Listening to your customers is a double-edged sword. One one hand, customers guide the evolution of your existing products. On the other hand, as Henry Ford famously noted their desire for a faster horse, rather than an automobile, customers can lead you to a road with constant low-margin modifications of obsolete products.
Herbert M. Allison (YC '65), Chairman, President and CEO of TIAA-CREF, in his talk in the Yale Business & Management lecture series ( 3/23/06) mentions a solution to this problem. He says that listening to your customers should actually mean listening to two different groups of people: the ones that you already have as your customers and the ones the you would like to have as your future customers. He gives example of General Motors that got extremely good at building large rear-drive vehicles, and for a long time looked at its European and Japanese competitors as a distraction, rather than a sign of emerging customer preference.

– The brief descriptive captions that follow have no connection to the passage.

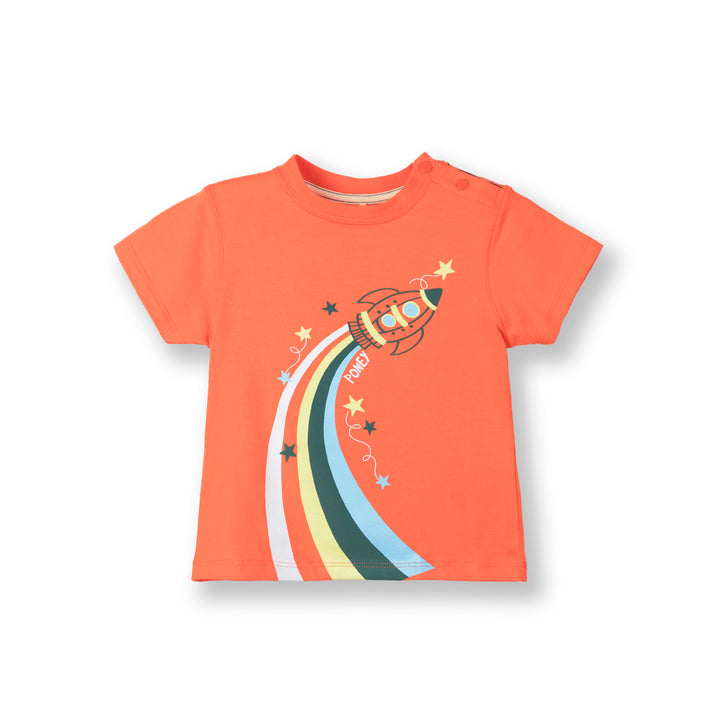 Poney Baby Boys Orange Blasting Rocket Short Sleeve Tee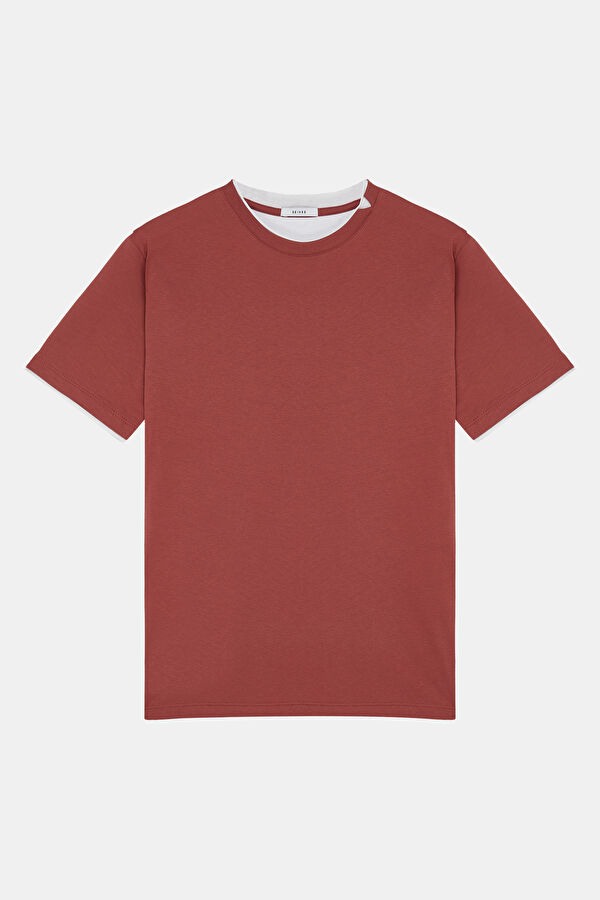 Relax Kalıp Açık Mavi Bisiklet Yaka Erkek T-Shirt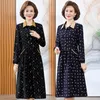 Sıradan elbiseler yaz vintage çiçek baskısı orta yaşlı kadınlar midi elbise zarif moda uzun kollu parti bayanlar vestidos giyim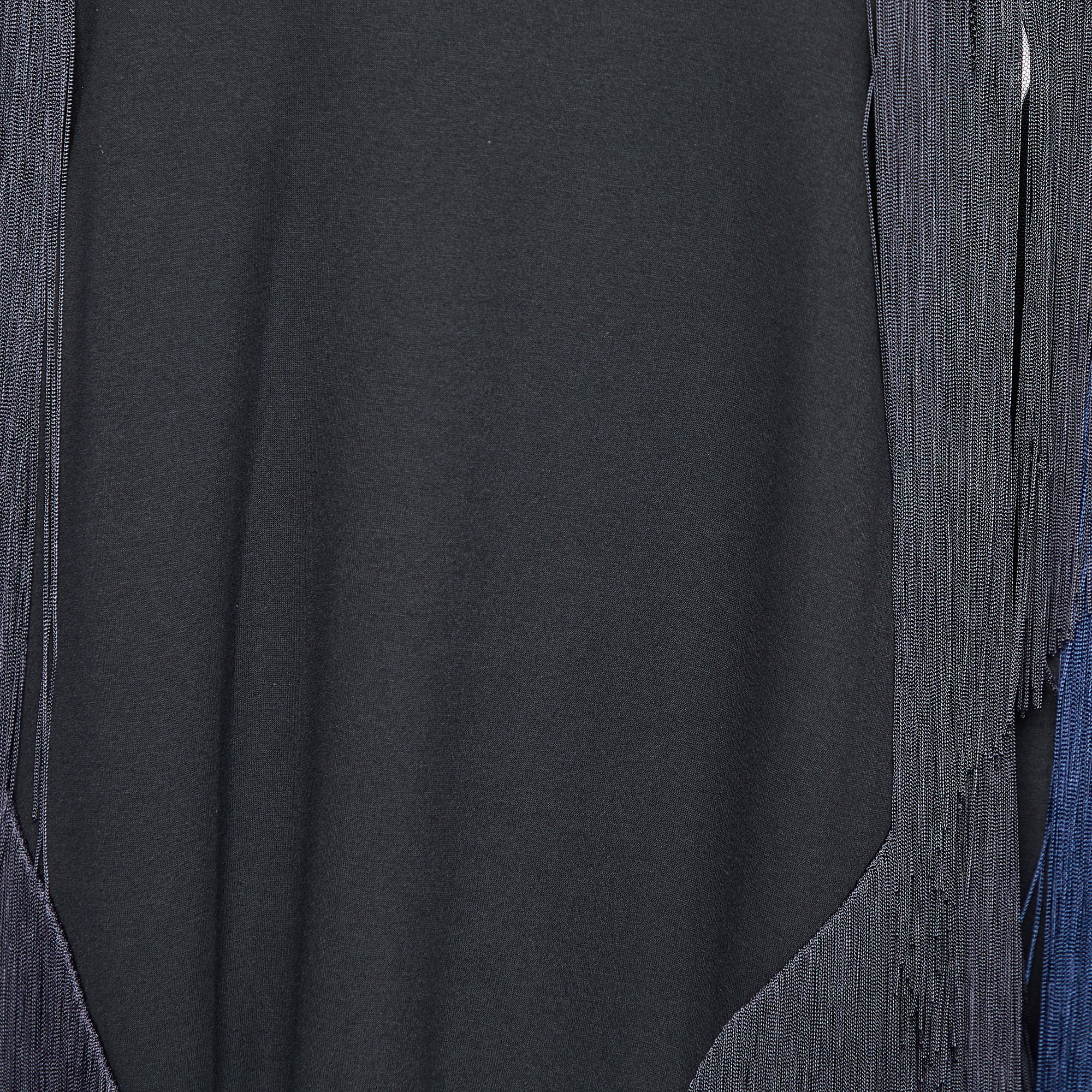 Stella McCartney Black Cotton Knit Fringed Sweater Mini Dress L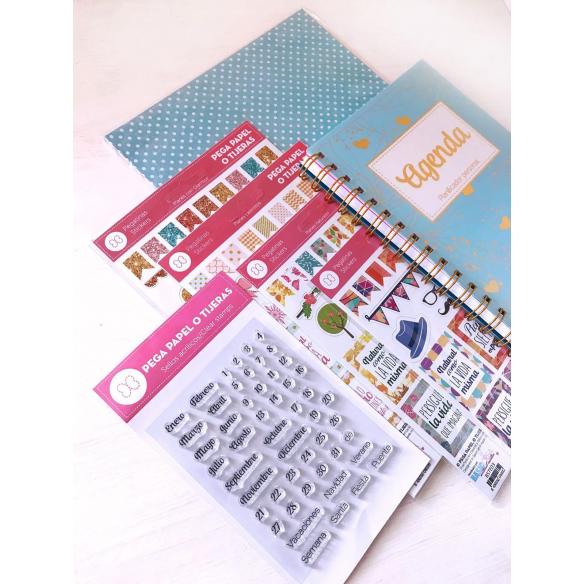 Kit Agenda "PEGA,PAPEL O TIJERAS" Azul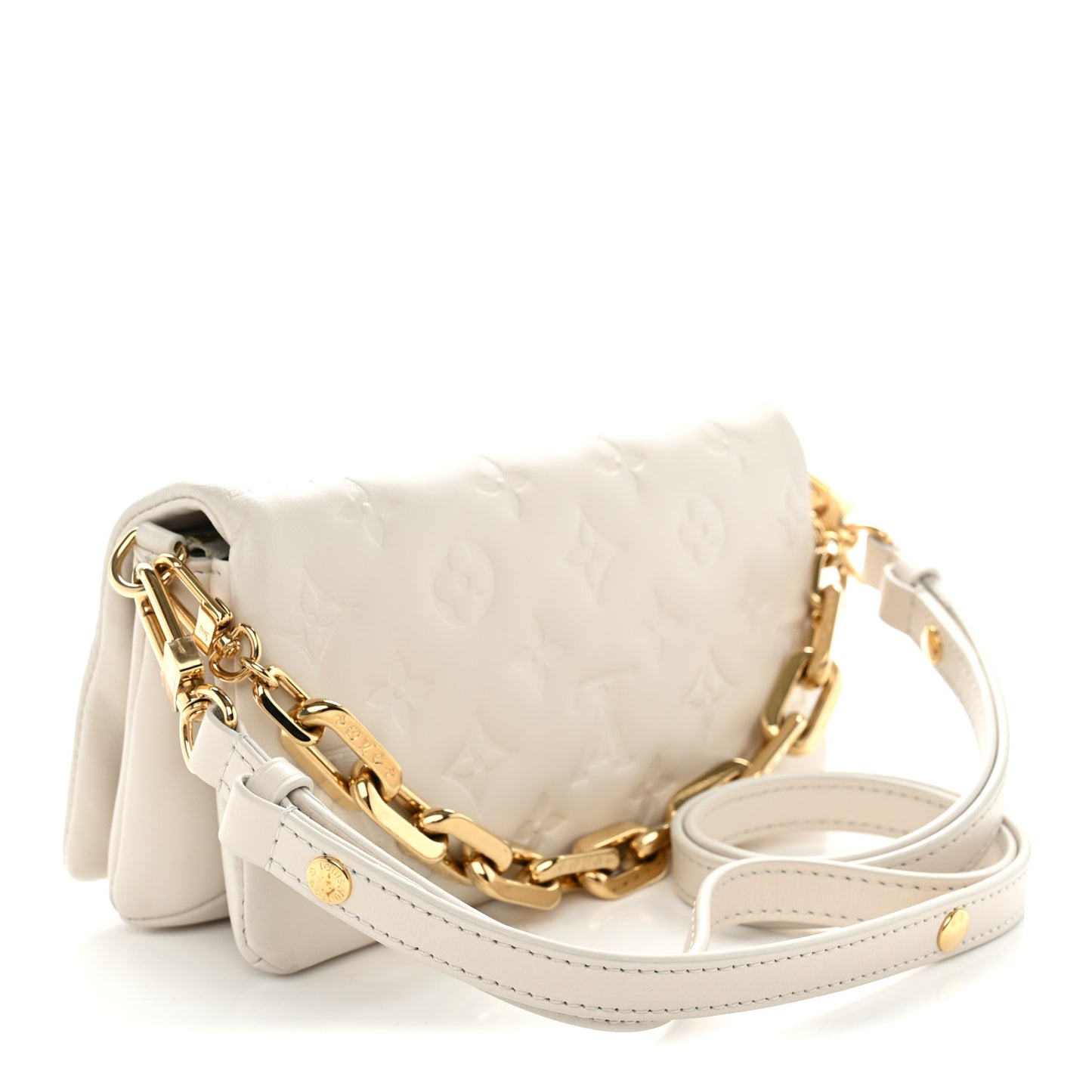 Lambskin Embossed Monogram Pochette Coussin Crossbody Cream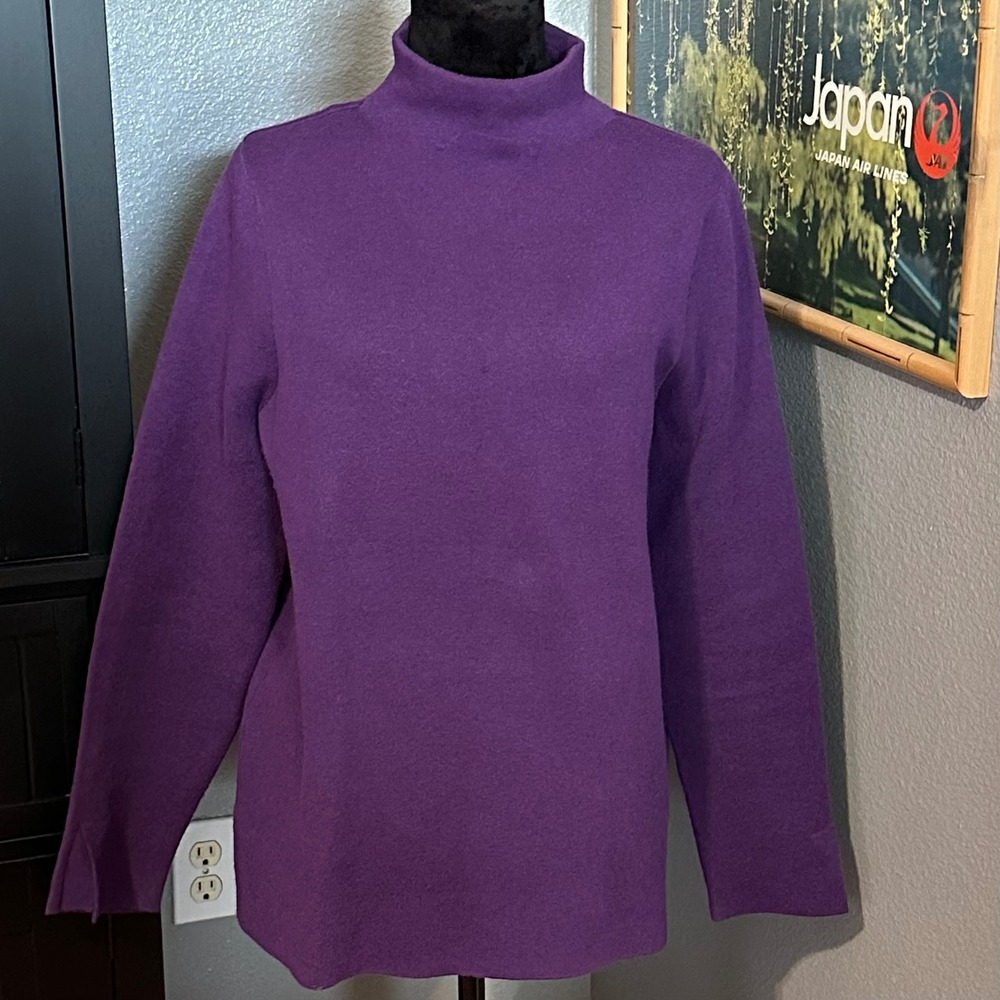 J. Jill Purple Mock Turtleneck Sweater Medium Soft Knit Classic Casual Preppy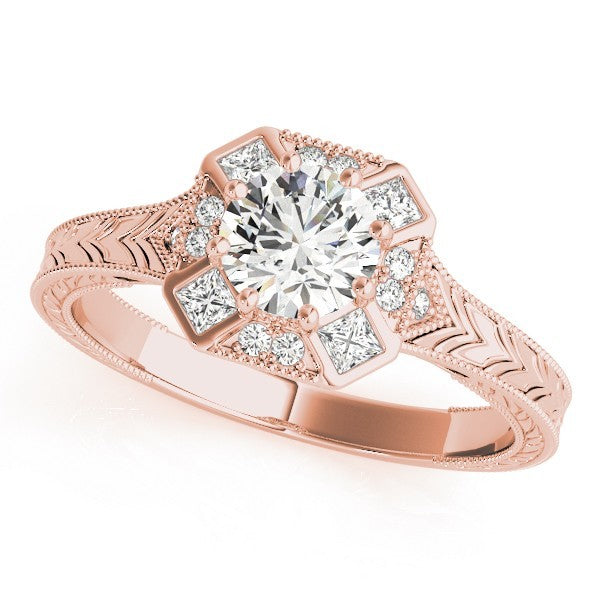 Lab Grown Round Diamond Halo Engagement Ring
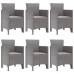 Juego de Comedor de Jardín de 7 Piezas con Cojines Gris Claro Poly Rattan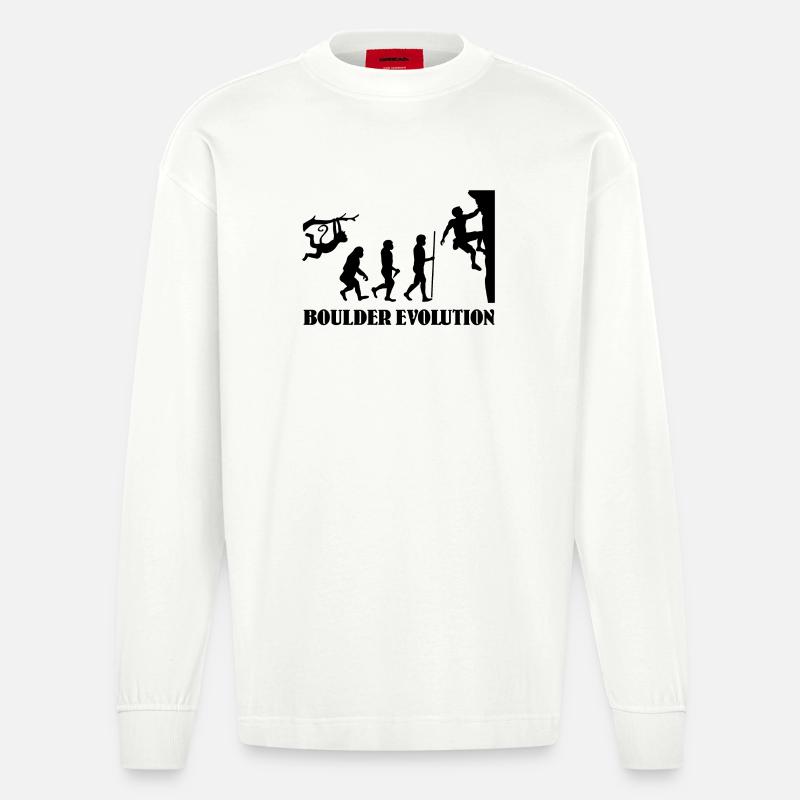 Boulder Evolution Klettern Bergsteigen Boulderer - Heavyweight Oversized Organic Langarmshirt Made in EU - OFF WHITE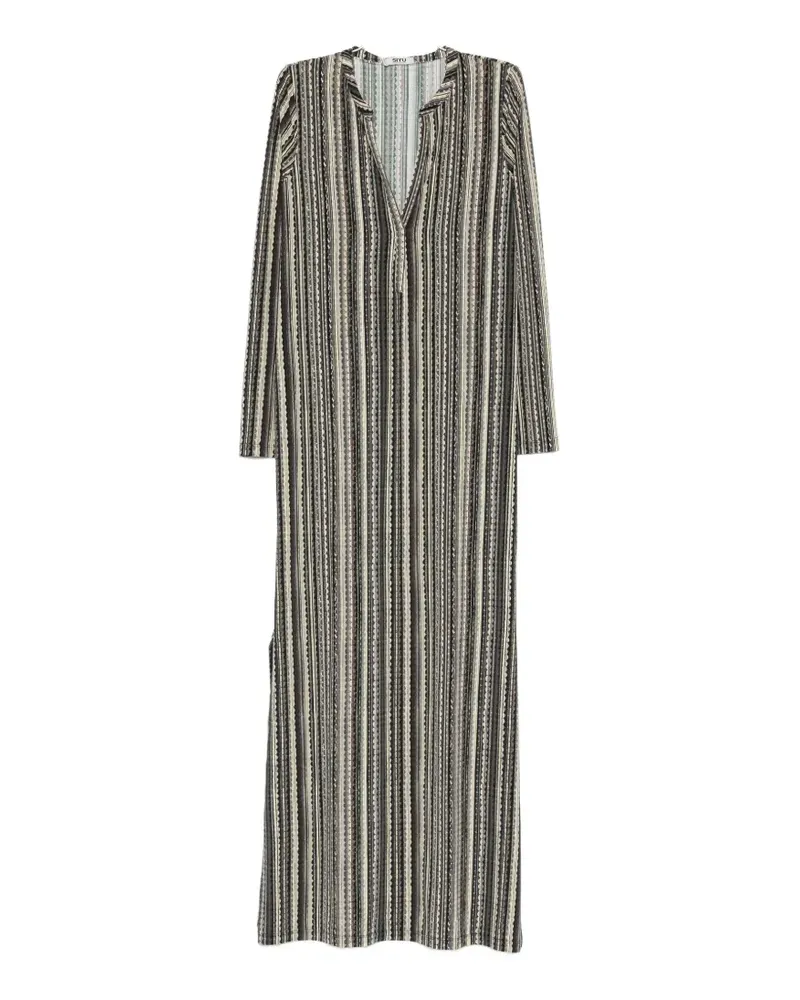 SIYU striped V-neck dress - Grau Grau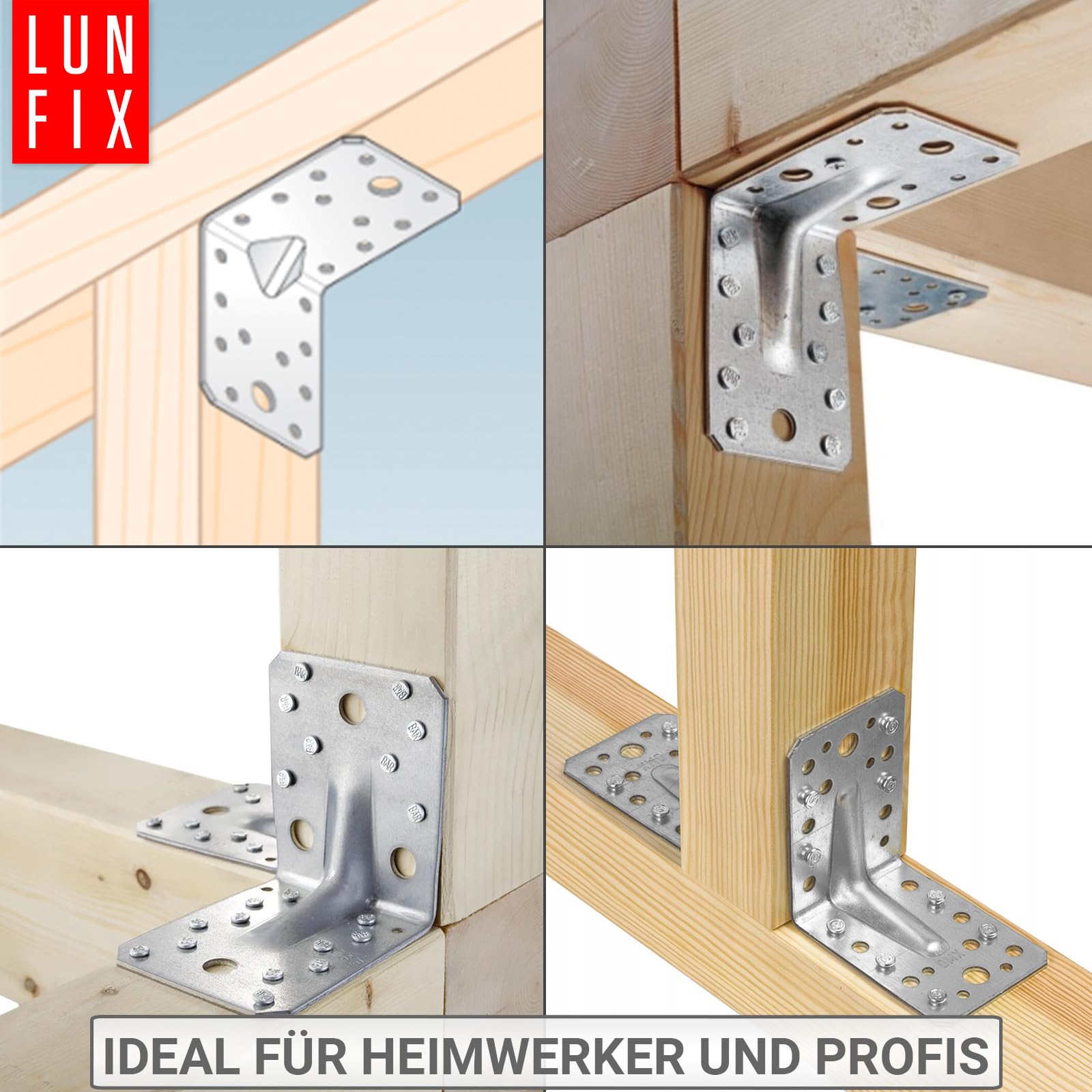 Lun Fix Staffe angolari 70x70x55 mm 20 szt. ocynkowane 1,5 mm 90°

Allison's point undelines the challenge of product innovation, especially for large successful companies. The are so good at "owning" their current customer base that they forget to identify emerging opportunities. Monopolies like Microsoft can easily fall into this trap. Just consider the Vista fiasco. The operating system that took thousands of programming man-years to develop could not compete Windows XP, its own previous version.
The solution to the Innovator's Dilemma ["you have to listen to your customers, and you don't have to listen to your customers"] lies in aplying the separation principles. First, separate in space, e.g. find a different set of customers; second, in time, e.g. over time develop different needs within the same customer base.